Writing has always come easy to me.
That’s why I made my career in it. I’ve never been one to push myself past my natural comfort zone.
When I was growing up, one of our family’s most strongly held beliefs was that each of us is born with certain talents. You stick with what you’re good at, and try desperately to avoid the humiliation of attempting what you’re bad at.
I was the high school kid who took the minimum math and science credits required to graduate, rather than tackling the challenge of pre-calc. The kid who sat on the sidelines during gym class, refusing to dress in my uniform, willing to get a D in phys ed rather than play volleyball in front of my peers.
Even my writing — I’ve kept it in the comfort zone. News stories. Press releases. Sporadic blog posts here, but only when they come easily. All my more ambitious creative writing attempts stay hidden in a private folder, abandoned when they inevitably fail to live up to my standards.
During a writing class a few months ago, I was introduced to the concept of “deep practice.” The idea is that working at the edge of our abilities — being willing to make mistakes and even fail — is the only way to develop new skills, to tap into that internal flow, to move forward.
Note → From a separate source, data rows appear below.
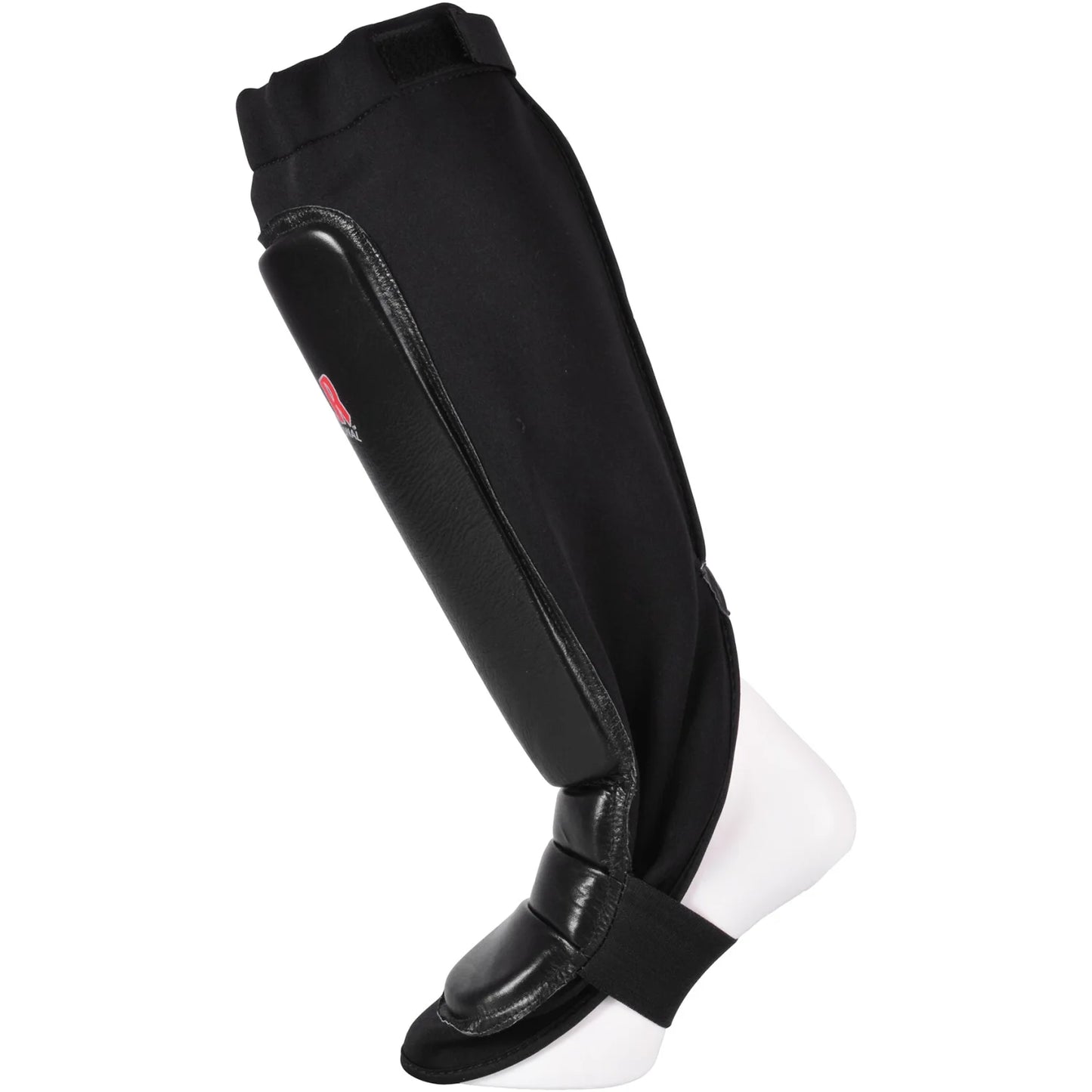 MAR-246B | Genuine Leather MMA Shin + Instep Leg Guards - Pads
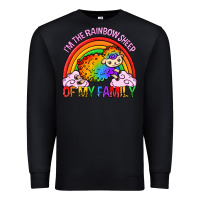 Black i m the rainbow sheep of my family pride lgbtq Premium Sweatshirt - texasbilliewilder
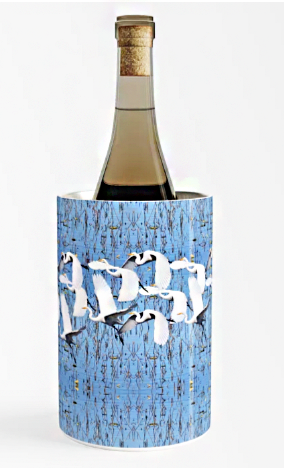 Wine Cooler with Egret Pattern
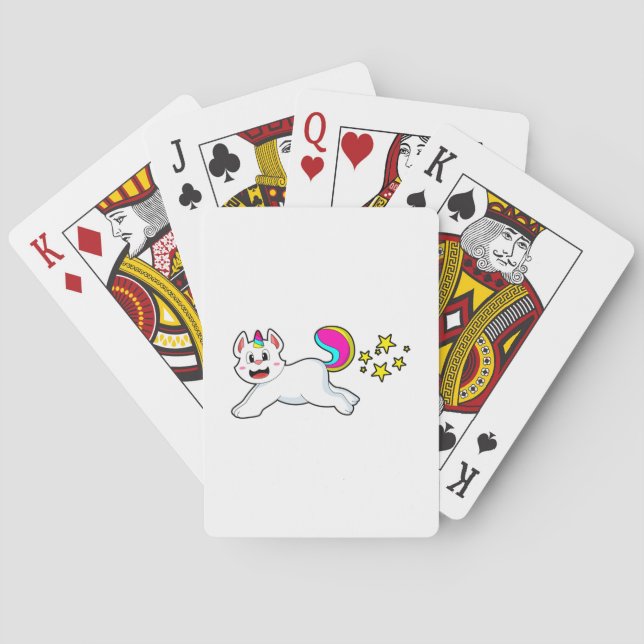 Jeu De Cartes Chat comme licorne (dos)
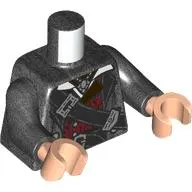 Torso, Coat, Silver Buttons, Black Straps, Dark Red Shirt, Dark Brown Collar, Pendant print, Pearl Titanium Arms, Light Nougat Hands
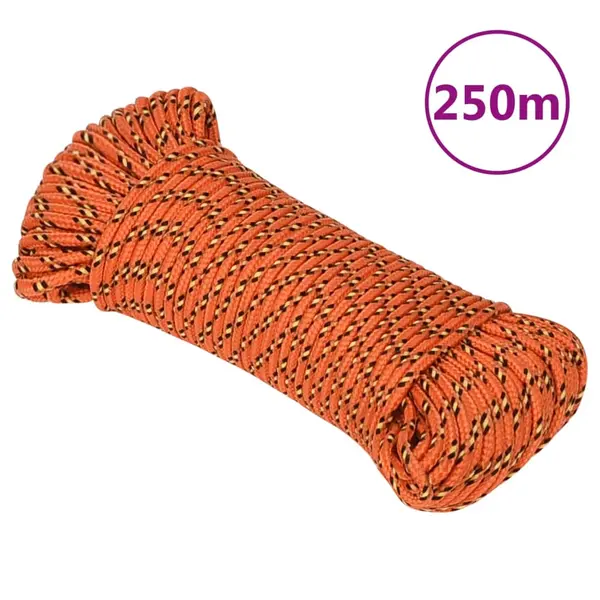 Gossi franghie de barca, portocaliu, 3 mm, 250 m, polipropilena
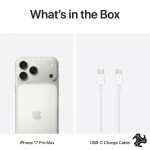 iPhone 17 Pro Max 256 GB Silver 5G (eSIM only) With FaceTime - International Version - Image 4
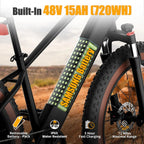 Luckeep C26 Electric Bike for Adult 1500W Peak, 28 MPH15AH 72 Miles, 26Fat Tire Electric Mountain Bike with Hydraulic Suspension - Speed of Light Hobbies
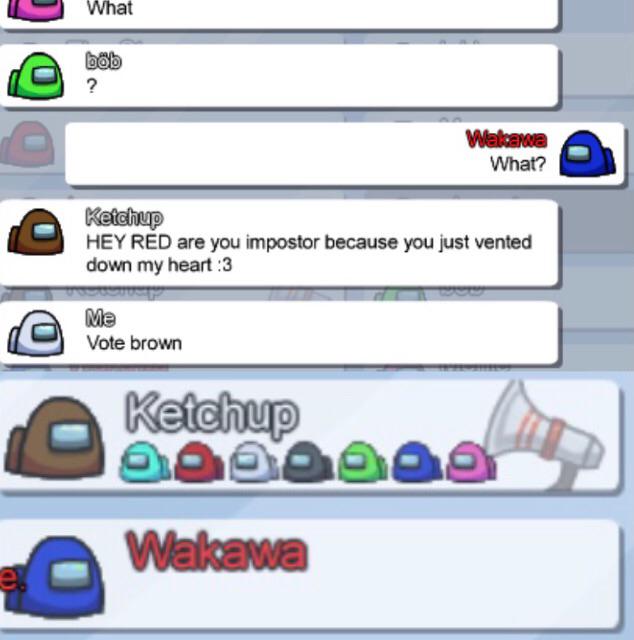 among us don't be a simp meme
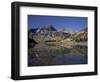 Maroon Bells Reflected in Crater Lake With Fall Color, White River National Forest, Colorado, USA-James Hager-Framed Photographic Print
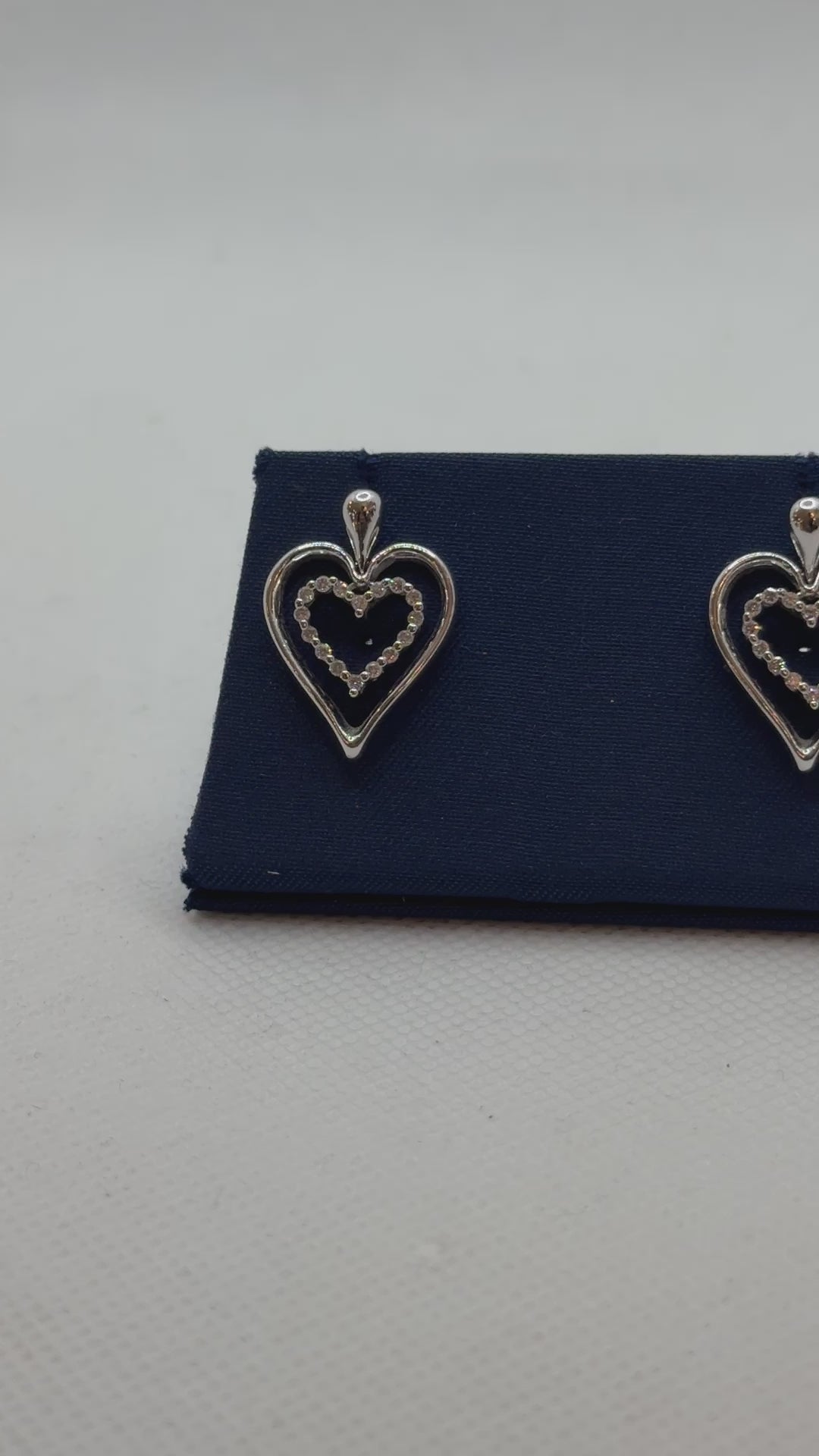Chimento Herzohrringe aus Weißgold und Diamanten - 82097252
Since then, I have been trying to tread into deeper water. Trying to write longer, more ambitious pieces that I will eventually submit for publication. Trying to tell my own story after decades of telling other people’s stories.
I’m reading literary magazines and comparing my own amateurish attempts, feeling the weight of just how much I have to learn. Look at all these literary writers — many of them far younger than I — who have changed the world with their words. Here I am at 42, an infant just taking her first steps.
I’m sharing my writing with a few select readers and, instead of the accolades I’m used to, being met with gentle but firm criticism. Or worse, with utter silence.
I’m interrogating myself daily. What if the fact that this doesn’t come easy means I’m no good? What if I just look stupid, typing away on my little stories that no one wants to read?
Is this what “deep practice” feels like? It’s kind of scary out here in open water.